▸ **TASK DESCRIPTION**: The answer is a stretch of the material below, returned exactly: the line containing "flat running NIKE", the line containing "Five Star Spiral", and all lines between.

▸ **RECORDS SHOWN**:
----

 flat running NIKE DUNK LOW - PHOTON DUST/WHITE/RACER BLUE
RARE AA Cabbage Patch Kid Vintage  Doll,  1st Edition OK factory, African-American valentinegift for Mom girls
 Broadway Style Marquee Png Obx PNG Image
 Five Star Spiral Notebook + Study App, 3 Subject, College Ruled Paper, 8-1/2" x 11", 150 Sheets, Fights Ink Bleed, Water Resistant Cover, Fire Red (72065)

----

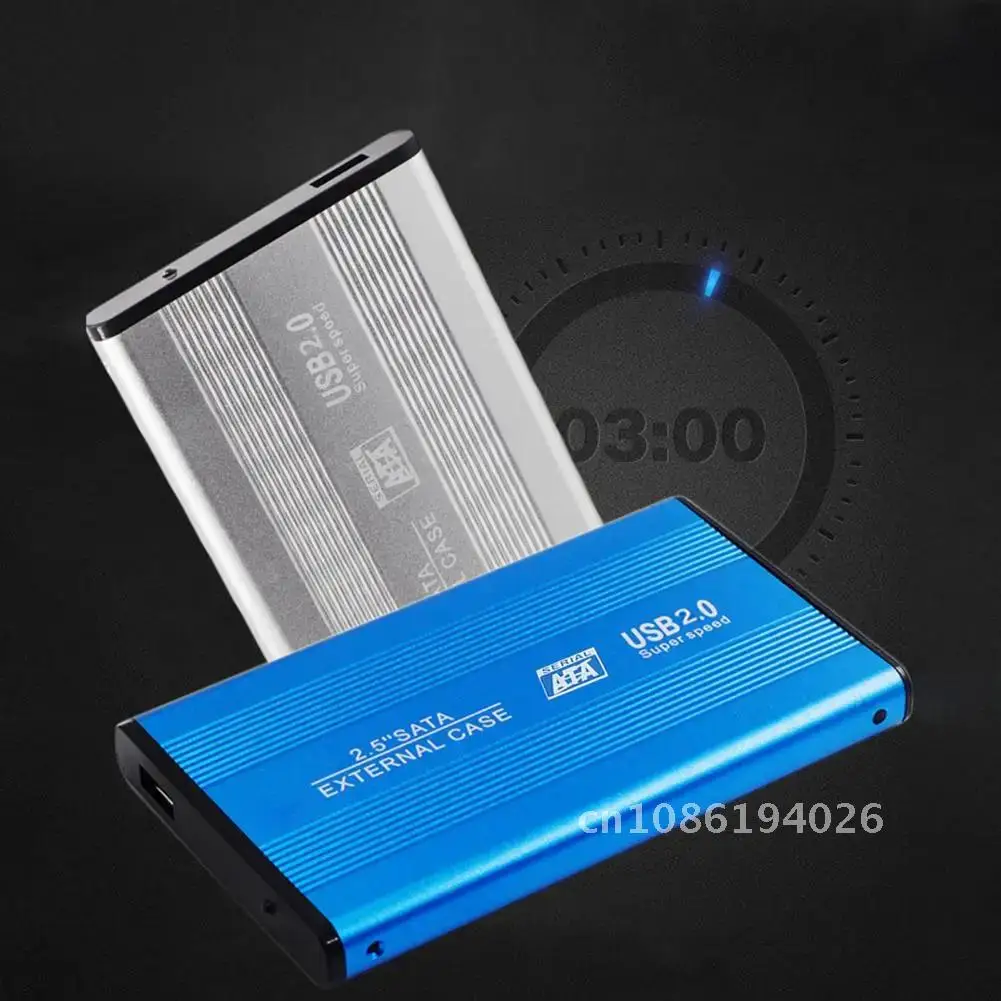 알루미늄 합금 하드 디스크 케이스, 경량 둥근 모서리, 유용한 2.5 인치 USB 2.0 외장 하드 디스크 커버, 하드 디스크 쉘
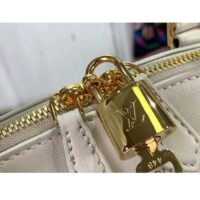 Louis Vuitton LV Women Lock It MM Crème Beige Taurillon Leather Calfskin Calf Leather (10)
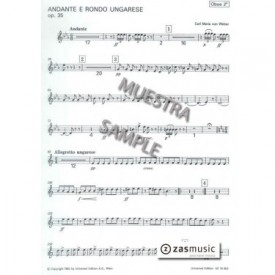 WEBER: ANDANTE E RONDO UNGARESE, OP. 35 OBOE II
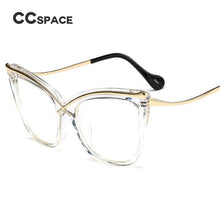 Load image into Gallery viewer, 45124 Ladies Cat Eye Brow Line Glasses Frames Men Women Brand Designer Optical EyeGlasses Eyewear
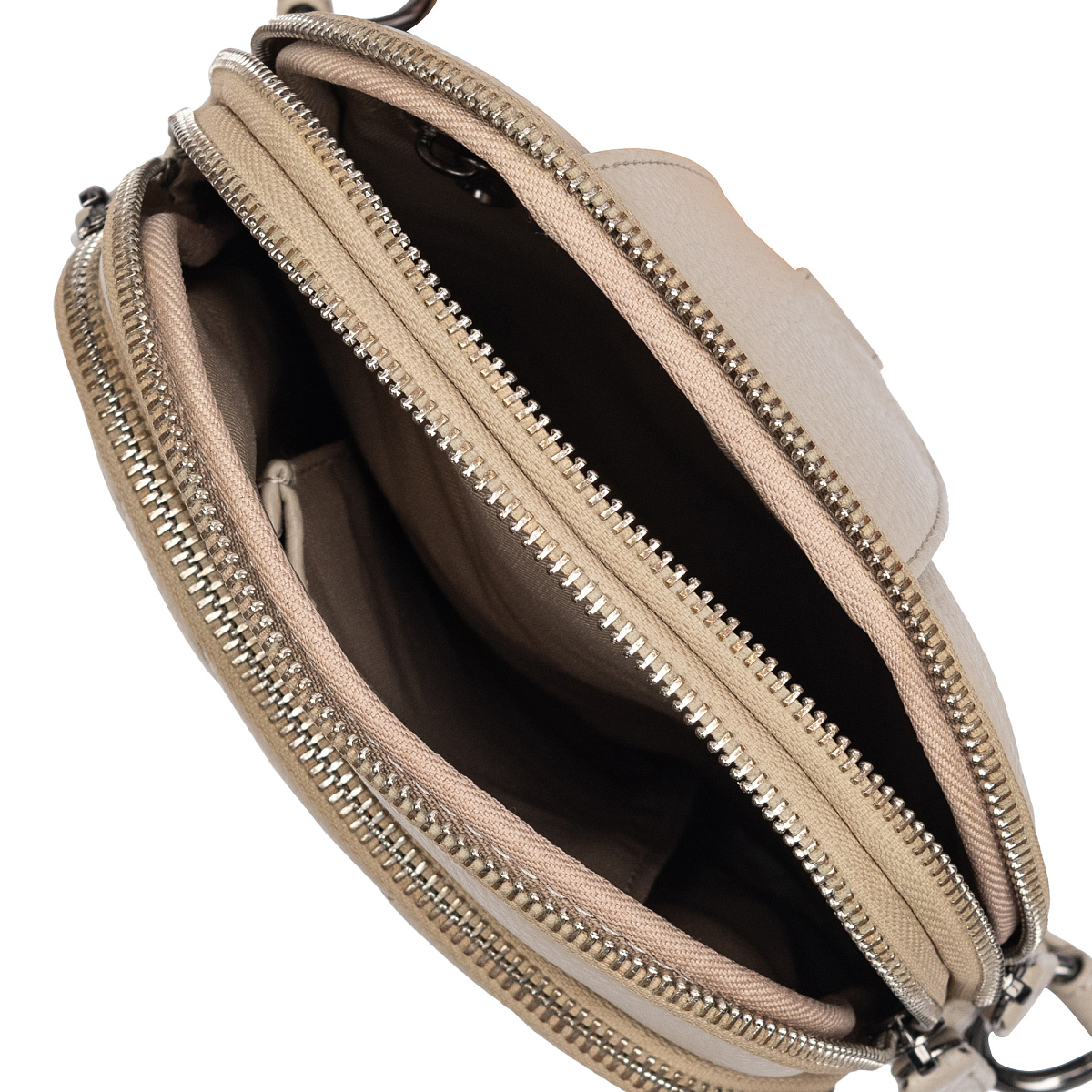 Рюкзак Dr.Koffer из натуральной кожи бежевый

----

▸ **RESPONSE TO THIS EXERCISE**:
 flat running NIKE DUNK LOW - PHOTON DUST/WHITE/RACER BLUE
RARE AA Cabbage Patch Kid Vintage  Doll,  1st Edition OK factory, African-American valentinegift for Mom girls
 Broadway Style Marquee Png Obx PNG Image
 Five Star Spiral Notebook + Study App, 3 Subject, College Ruled Paper, 8-1/2" x 11", 150 Sheets, Fights Ink Bleed, Water Resistant Cover, Fire Red (72065)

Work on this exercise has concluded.